First, I don't think you're in any position to judge whether or not she's acting in the capacity of journalist or if the free speech she is exercising is worthwhile.
If none of us are in the position to judge anything, then I think we can safely shut down the
The whole point of free speech is that no one gets to judge what is and is not worthwhile.
Yes, that's the point, but that's not really how it works out. Here in Virginia, for instance, we have a shield law that's been established by the judiciary. If a reporter follows around police officers for the purpose of writing a story in the public interest, that's not stalking, that's journalism. But if an individual does it in order to...well, in order to just harass them, that's illegal.
The only criteria is if the speech is infringing upon someone else's human rights as protected under the law.
"Human rights"? Um. No.
Second, isn't all the information she gathered public information. She just followed people around in public and gathered together public records that a lot of people don't know are public.
You haven't been reading Slashdot very long if you think that the gathering of lots of ostensibly public information about an individual and making it public isn't an abuse of privacy. A listing of all of the websites that you visit is public information, in the sense that it's probably possible for me to track it down, with a little sleuthing and calling in a few favors from friends at DoubleClick and Google. (I'm talking in the abstract here, obviously.) You don't post under your real name here, but I'll bet I could find it out.

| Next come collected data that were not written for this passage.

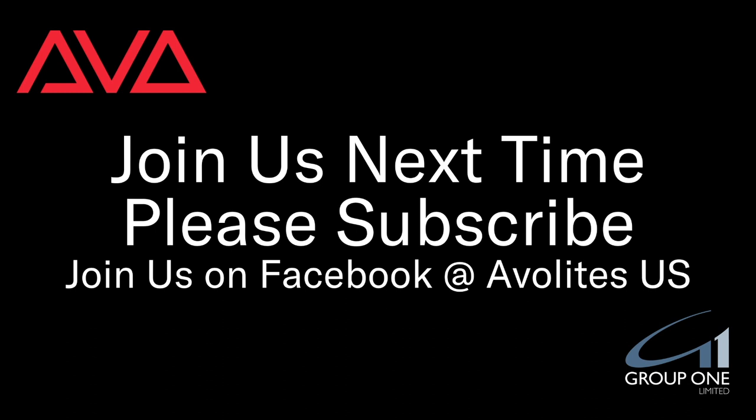So that has been timecode for a cue list in version 15 of Titan. I hope you learned something. Please subscribe, join us on Facebook at Avolites US, and join us here next time. Thanks. Bye.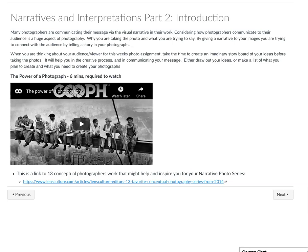Hello, this is the Narrative and Interpretations Part 2, Instructor's Introduction.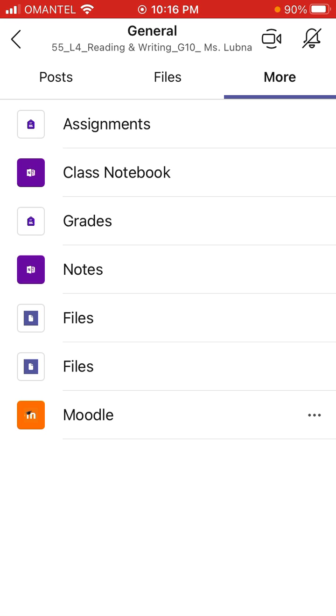If you don't understand anything, please write to me and I will try to explain. Also, in tomorrow's class I will explain on my screen sharing in MS Teams. Have a good day.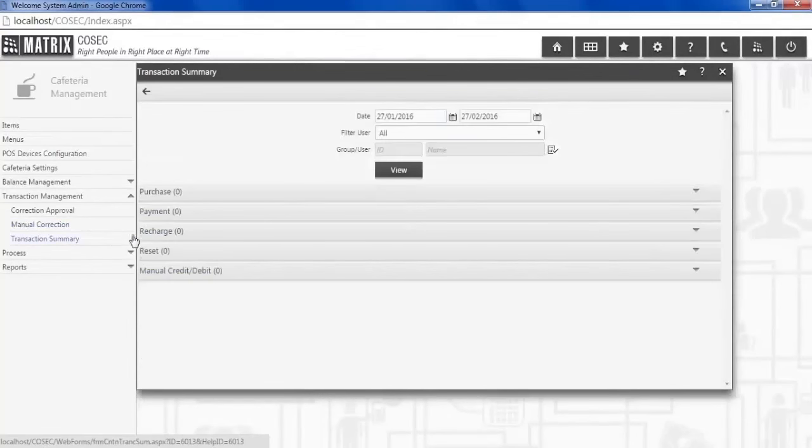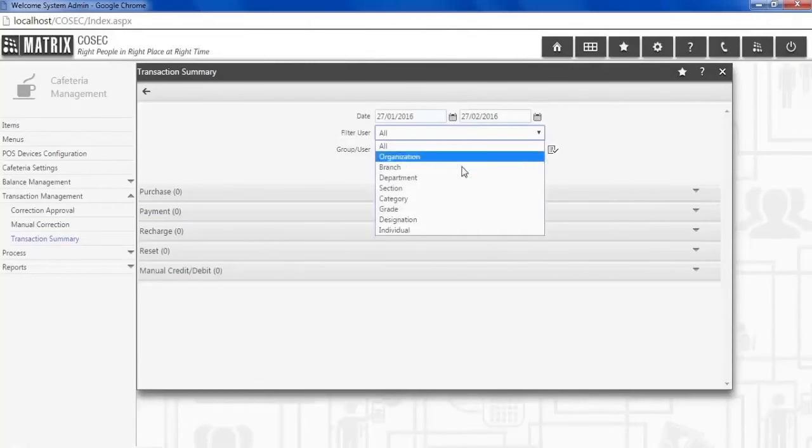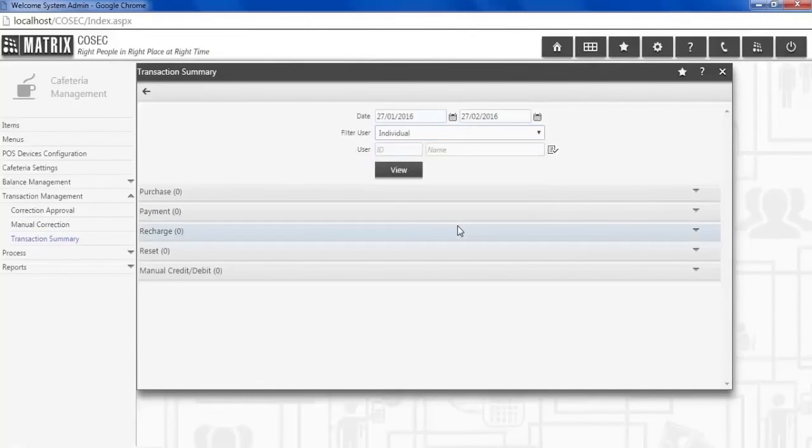Transaction Summary summarizes purchase, payment, recharges, reset, and Manual Credit or Debit parameters.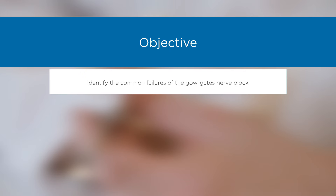Objective: Identify the common failures of the Gow-Gates nerve block. The failure rate for the Gow-Gates is quite low; however, without experience, the failure rate can actually be higher than that of the traditional inferior alveolar nerve block. There are three reasons for failures: first, anatomic difficulties; second, not dispensing enough anesthesia; and third, not allowing enough time for onset. Once the operator overcomes the learning curve, there is approximately a 95% success rate with this injection.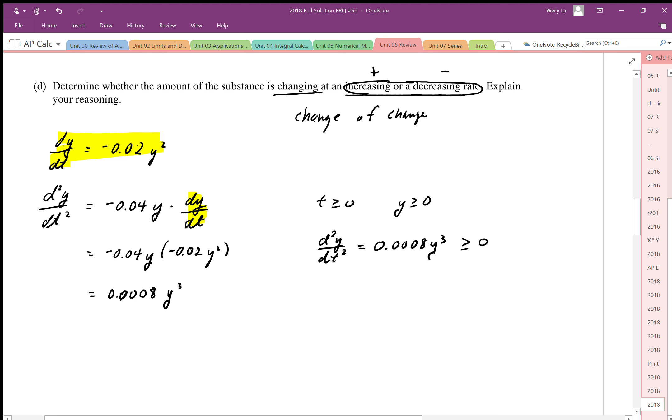So the substance is changing at an increasing rate, because the second derivative is positive.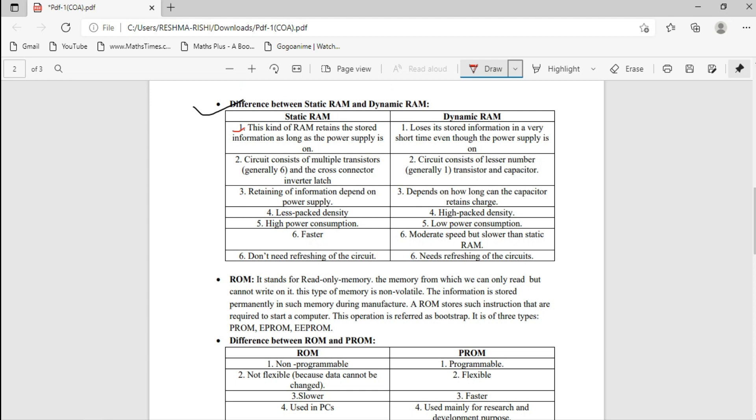Static RAM retains stored information as long as the power supply is on. Dynamic RAM, however, can lose its memory even while the power supply is on, and therefore needs periodic refreshing of the circuit. Static RAM has high power consumption while Dynamic RAM has low power consumption. Static RAM is faster; Dynamic RAM has moderate speed but is slower than Static RAM.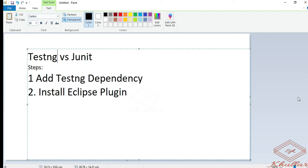Hello everyone. In this video we will discuss how to install the TestNG plugin in Eclipse.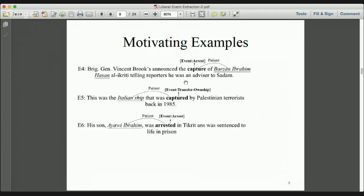We use the arguments to enforce the type of events — arguments that share the same relation to the trigger. For example, a relationship might be the patient of 'capture,' and another might be the agent of the capture event. So when we compute the event type, we use the arguments to refer to the type of events — specifically using the patient phrase.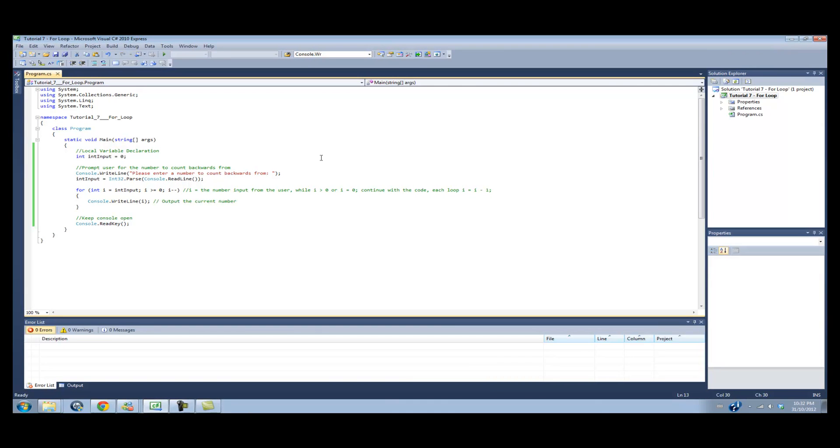So that's basically the for loop. There's not much else I can teach you yet until we get into some more advanced code. This is just the structure of it. I hope you guys enjoyed it and you learned a little bit. Please subscribe, rate, and comment. Thank you.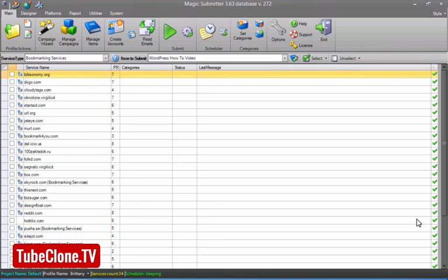Hi, Chris Parks here. I want to talk very briefly about one of the bonuses that is included in the sale of WPVideo.TV, and that is the Magic Submitter Templates.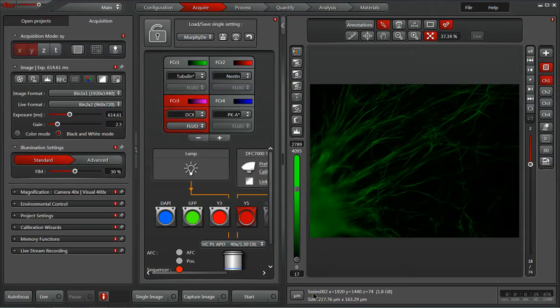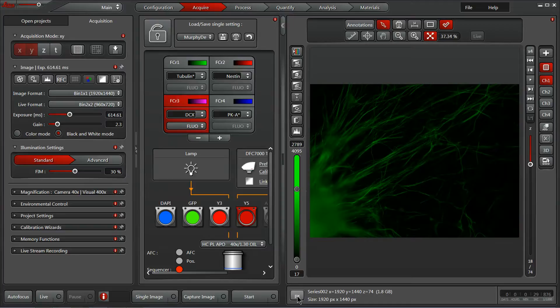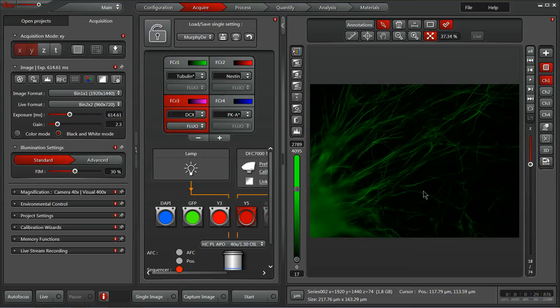On the right side as well we have an image displayed in microns here. We can change that to pixels if we prefer. And if you hover over any position the cursor position will show up giving you that XY location in either microns or pixels if you prefer.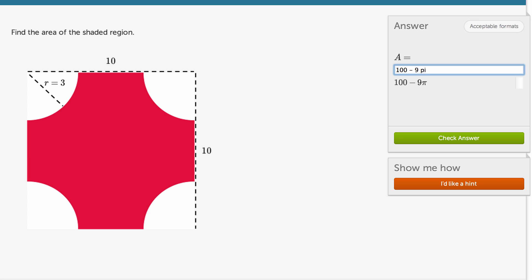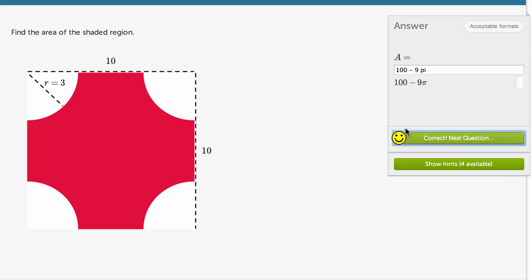So we have 100 minus 9 pi is the area of the shaded region. And we got it right.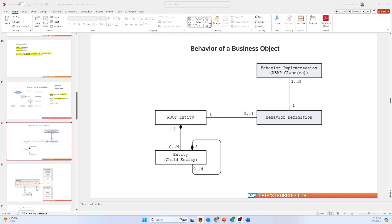The behavior definition can handle the sales order, which is the root entity, and also the subsequent or child entities — in this case the sales order items and the corresponding schedule line items. So now let's talk about what the behavior definition actually is.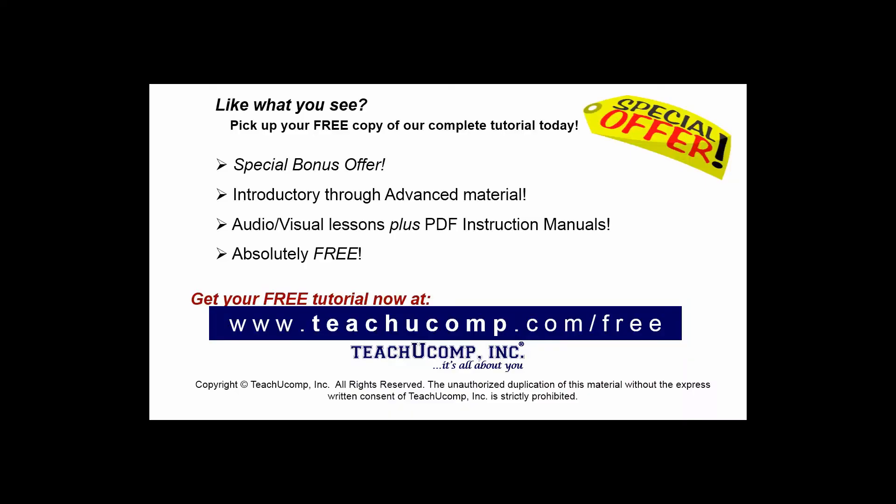Like what you see? Pick up your free copy of the complete tutorial at www.teachucomp.com/free.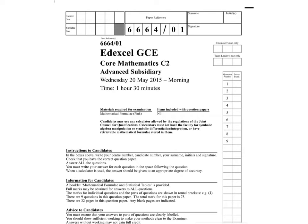We're looking at Edexcel Core 2 of Summer 2015, May the 20th 2015, part 1, because we won't all film one video. So here we go.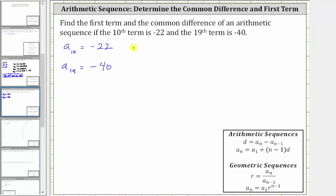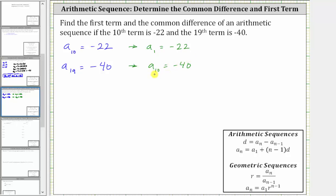So if we pretend that a sub 10 is a sub one, just to find the common difference d, we would have a sub one equal to negative 22. We notice that 10 minus nine is one, so if we're pretending a sub 10 is a sub one, then we can also pretend that a sub 19 is a sub 10, which is negative 40. We found this 10 because 10 minus nine was one, and therefore 19 minus nine gives us 10.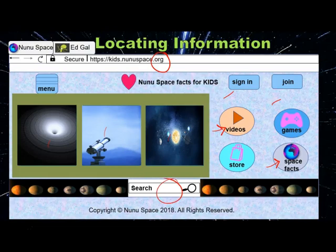Now that you have looked at print and digital resources, if you are looking for information that supports your opinions, conclusions, or predictions, remember to search for those in print and digital sources. Always ask for your teacher's help, or a librarian's help, or your parents' help — they can always direct you to the right resources to find the correct information.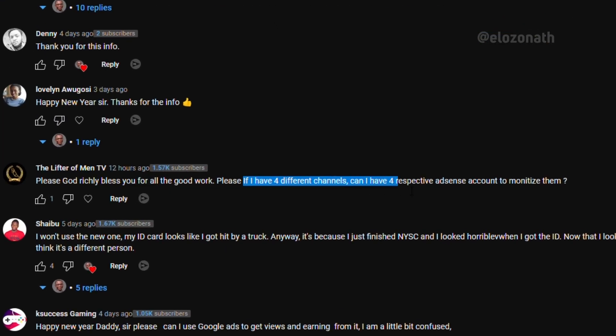Someone asks: if I have four different channels, must I have four different AdSense accounts for each of them to monetize? The answer is no — you don't need four different AdSense accounts for four channels. But if you wish to have it that way, you can.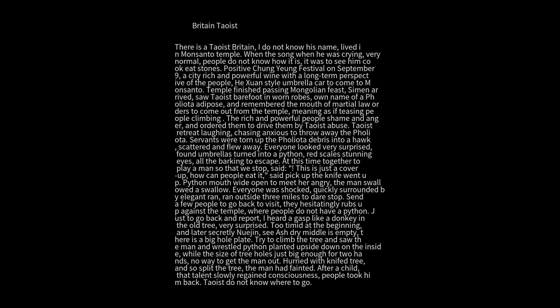They saw the Taoist barefoot in worn robes, holding some kind of object. They remembered martial law orders to come out from the temple, meaning as if teasing people climbing. The rich and powerful people felt shame and anger and ordered them to drive the Taoist away by abuse.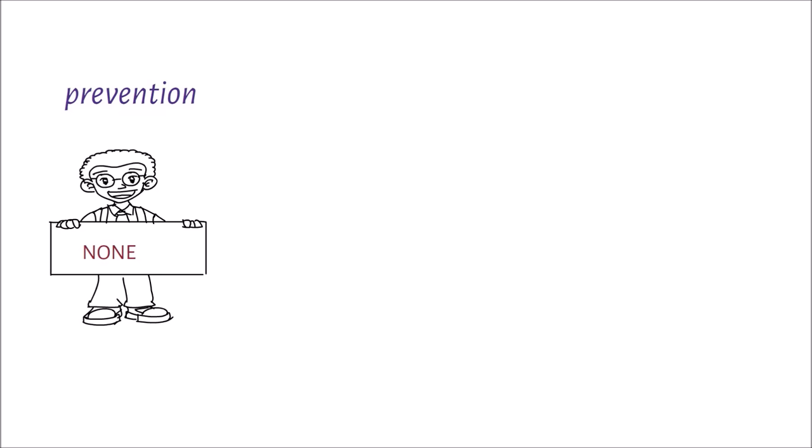Most studies have implicated genetics, in which family history and other mental disorders are major causes of kleptomania. So there is no definitive preventive measure.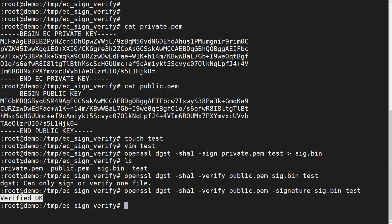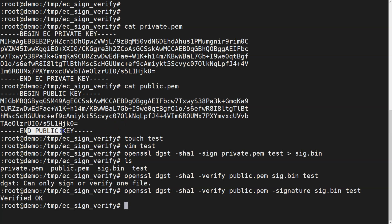So that is basically the complete process: how to create an EC key, how to create a private key, how to extract a public key from the private key, and how to perform sign and verify operations. All these command lines will be provided with the video content so you can find the command-line reference easily.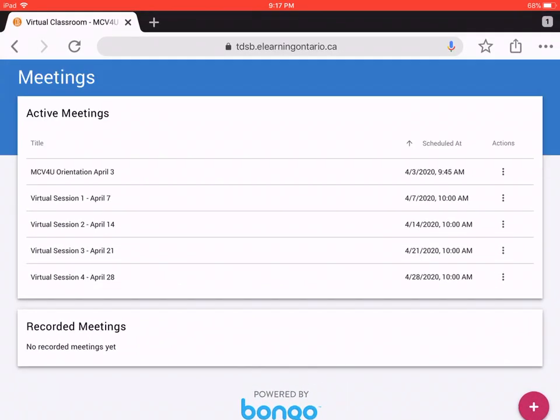So those are the two ways to get to the virtual classroom inside Brightspace, and now you understand the two features behind the virtual classroom. I hope this makes sense.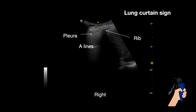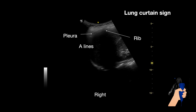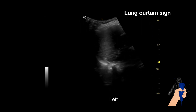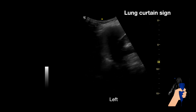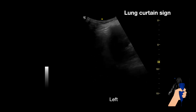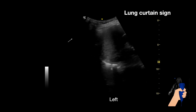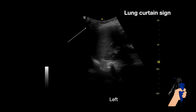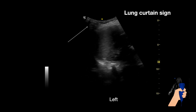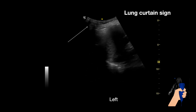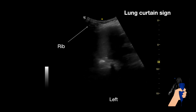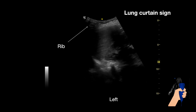This is from the right side. On the left side, we can also observe a long curtain sign. Here we have a rib causing an echogenic shadow, and we have another rib causing an echogenic shadow as well.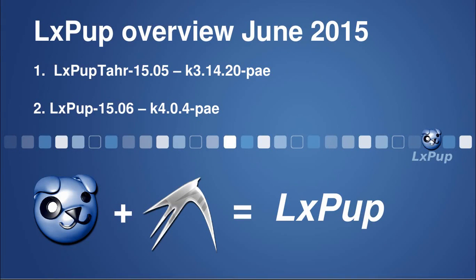Welcome to this overview of LXPOP in June 2015. In this overview, we're going to be taking a very quick look at the two current main versions of LXPOP, which are LXPOP-TAR-1505 and LXPOP-1506.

That's public. Hell, given that, I bet I could figure out and post your address, phone number, e-mail address, social security number, criminal history, home value, workplace, career history, educational background, etc., with some spare time and a big of legwork. But you probably wouldn't want me to make all of that public, because it would totally freak you out and definitely be a violation of your privacy...despite it being public information. One might even call it "stalking."
But then, equating a secretary at a courthouse and police officer in this instance is slightly disingenuous as they have different levels of authority and pose different levels of risk to the people from abuse of that authority.
It's not disingenuous, it's making the point that the notion that a "public employee" vs. a "private employee" is a false dichotomy. The fact that somebody works for the government (as do I, in a roundabout away) does not suddenly make their private life an open book. What a police officer does on his own time, provided it's not illegal, should as private of a matter as what a secretary does, or what anybody else does.
Further your selection of a position of secretary and pronouns indicating it is a woman while the stalker is a man seems like something of an emotional, fear based appeal.
That's right. The point being that we can't have laws that are different for different sexes. Is it OK for a woman to follow a man, but not a man to follow a woman? Of course not. You're paying attention -- that's good.